## DATA
---
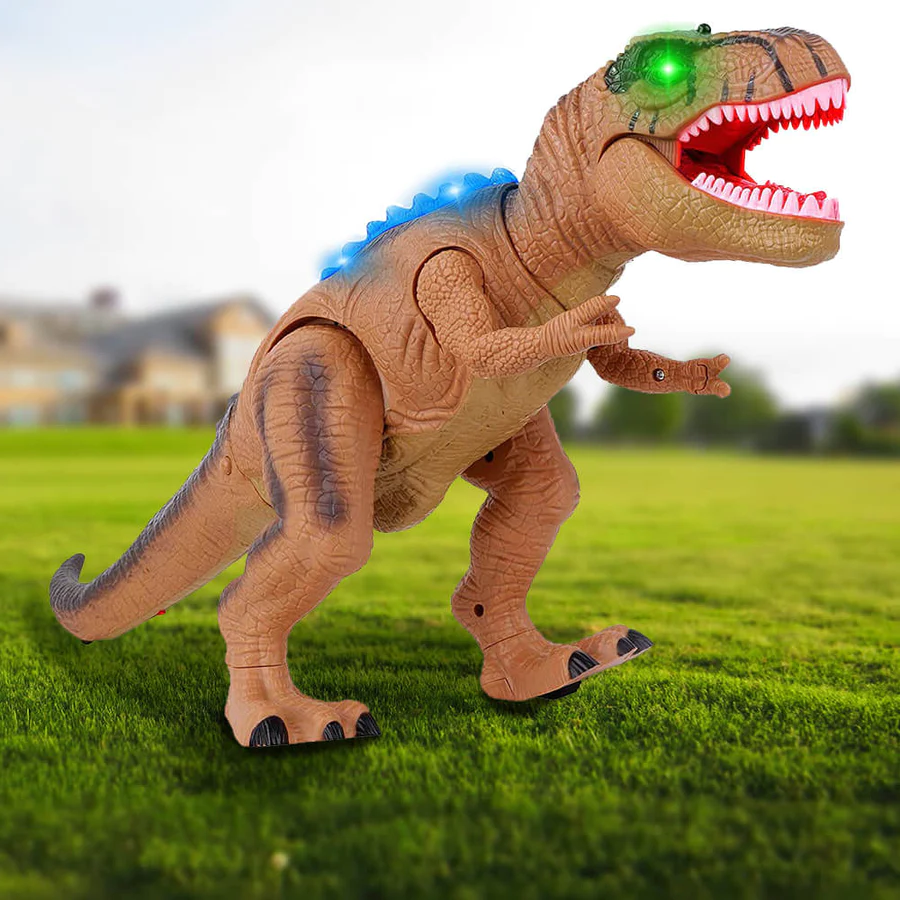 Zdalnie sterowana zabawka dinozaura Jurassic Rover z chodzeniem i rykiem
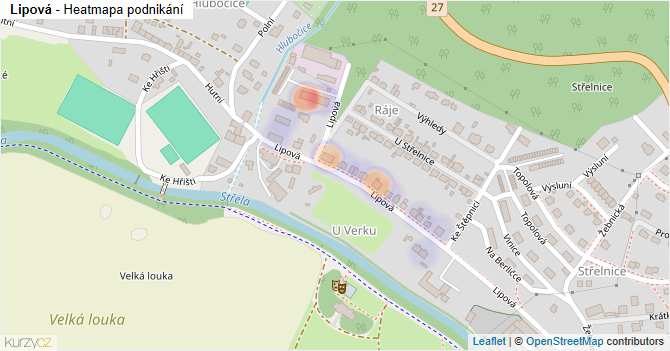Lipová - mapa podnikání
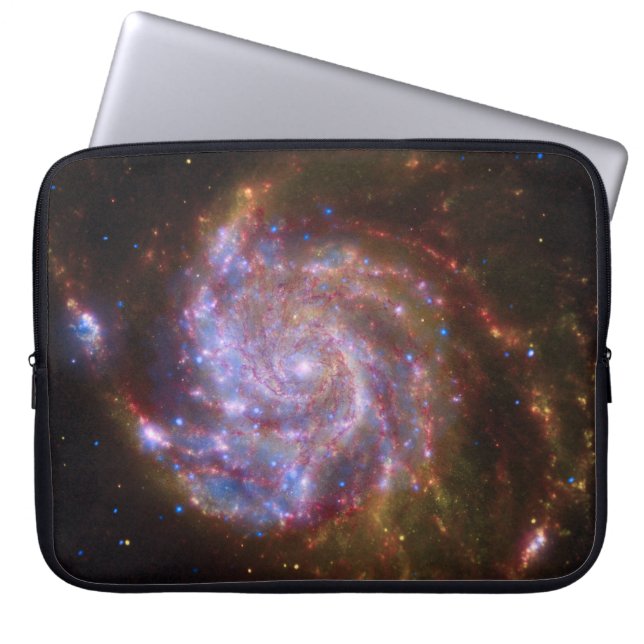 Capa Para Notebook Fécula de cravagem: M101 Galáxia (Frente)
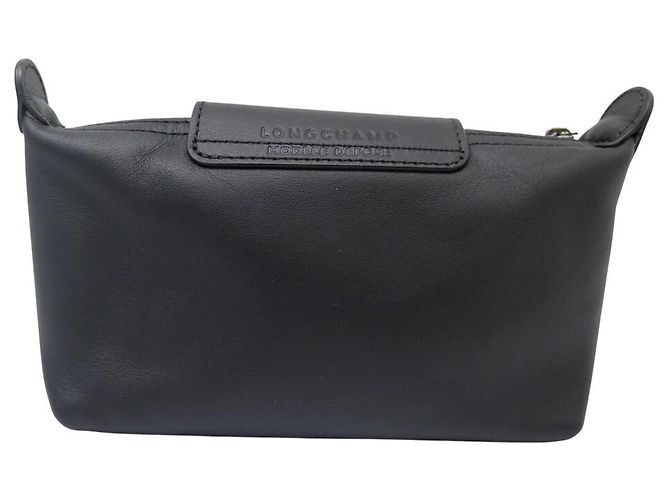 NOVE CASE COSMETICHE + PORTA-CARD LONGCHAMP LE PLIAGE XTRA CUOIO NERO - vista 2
---
## WHAT YOU NEED TO DO
Copy out all the data above exactly, pictures excluded.

## ANSWER TO THE EXERCISE
 Zdalnie sterowana zabawka dinozaura Jurassic Rover z chodzeniem i rykiem
Lipová - mapa podnikání
 Capa Para Notebook Fécula de cravagem: M101 Galáxia (Frente)
 NOVE CASE COSMETICHE + PORTA-CARD LONGCHAMP LE PLIAGE XTRA CUOIO NERO - vista 2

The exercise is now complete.